CyberSANE is a peer-to-peer solution which aims to enhance the cybersecurity of Critical Infrastructures’ information systems through the collection, correlation and sharing of information coming from multiple sources. The end-users who will implement the CyberSANE system must comply with several legal obligations which are relevant to this type of systems, concerning in particular data protection, privacy and security-related aspects.
The design of the CyberSANE system has therefore been preceded by the analysis and identification – led by KU Leuven as part of its work on the “Basis of Legal and Ethical Requirements” (Task 2.2) – of the legal and regulatory frameworks which will apply to the end-users.
The relevant legal instruments and obligations are outlined in Deliverable D2.2 “Legal and Ethical Requirements”, which represents the basis for the legal and ethical implementation, oversight and evaluation to be carried out in the final phases of the project.Where possible, the discussion of the various legal and regulatory frameworks is accompanied by a flowchart or a table of use cases and requirements.
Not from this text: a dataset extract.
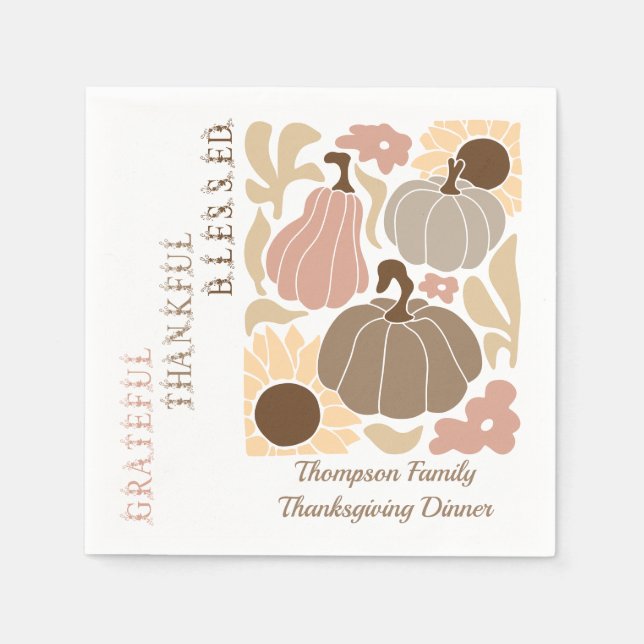 Boho Fall Grateful Thankful Blessed Thanksgiving Napkin (Front)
In order to ensure that CyberSANE aligns with the fundamental rights to privacy and data protection, the design of the architecture builds upon a thorough analysis of the legal framework applicable to the processing of personal data, as set out in particular in the General Data Protection Regulation (GDPR). With a view to enable and facilitate compliance by the end-users with GDPR obligations, such obligations have been considered by the CyberSANE consortium since the early stages of design, following an authentic “data protection by design” approach.
In addition, the exploration of the EU Framework on Data Protection has also included the Directive on the processing of personal data for the prevention, investigation, detection or prosecution of criminal offences or the execution of criminal penalties and the Regulation on the free flow of non-personal data.
Another essential set of requirements for CyberSANE is the one stemming from the recent legislative initiatives undertaken at the level of the EU cybersecurity strategy: in particular, the Network and Information Systems (NIS) Directive and the Cybersecurity Act.
The CyberSANE system is primarily addressed to Critical Infrastructures which are likely to be identified by the Member States under one of the two categories of entities to which the NIS Directive applies: the operators of essential services and the digital service providers. Special attention has been dedicated to the interplay between the NIS Directive and GDPR. In this regard, it is important to note that – to the extent that personal data are processed through network and information systems – both the GDPR and NIS Directive legal frameworks will apply at the same time.
Another important piece of legislation aimed at strengthening the security of the EU cyber-space was passed in June 2019: Regulation (EU) 2019/881 on ENISA (the European Union Agency for Network and Information Security) and on information and communications technology cybersecurity certification, also known as the “Cybersecurity Act”. Besides expanding the role of ENISA, the Cybersecurity Act establishes a framework for the introduction of the first EU-wide harmonized cybersecurity certification framework for the ICT products, services and processes identified in the EU rolling work programme. Hence, CyberSANE will monitor the normative developments concerning the EU cybersecurity certification scheme, in order to ensure compliance with such rules, and possibly achieve a certification.
In light of the goal of CyberSANE – which is to enhance the cyber-resilience of Critical Information Infrastructures (CIIs) – due consideration has been given to the EU legal framework on Critical Infrastructures, including with regard to the sharing of information among Critical Infrastructures and between these and the public authorities.
Furthermore, the legal analysis carried out in the early phases of the project addressed the international and European rules applicable to the formation and handling of evidences in the aftermath of a cyber-attack, including the recent proposal for an EU framework on e-Evidence. The ShareNet (Intelligence and Information Sharing and Dissemination) component of CyberSANE aims precisely at facilitating the process of sharing potential digital evidences with other CIIs, law enforcement and investigatory authorities, allowing them to determine the trustworthiness of each information sources, and to also timely identify attacks, as soon as the data is received.
Moreover, Task 2.2 looked at the ethics-related aspects which must be taken into account when integrating AI components in a technology such as CyberSANE. In particular, the analysis focused on the “Ethics Guidelines for Trustworthy Artificial Intelligence (AI)”, published in April 2019 by the High-Level Expert Group on AI appointed by the European Commission. The Guidelines list four ethical principles:
respect for human autonomy
prevention of harm; fairness
to be adhered to in the development of any AI technology.
These principles are translated into a series of seven interrelated requirements: human agency and oversight; technical robustness and safety; privacy and data governance; transparency; diversity, non-discrimination and fairness; societal and environmental wellbeing; and accountability, which must be implemented through a combination of technical and non-technical measures.
The development of CyberSANE has taken into consideration the (non-exhaustive) assessment checklist included in the Guidelines. In any case, the specifics of the AI system at issue will have to be regularly checked against the principles and values (discussed in the Guidelines) as underpinning a fully Trustworthy AI.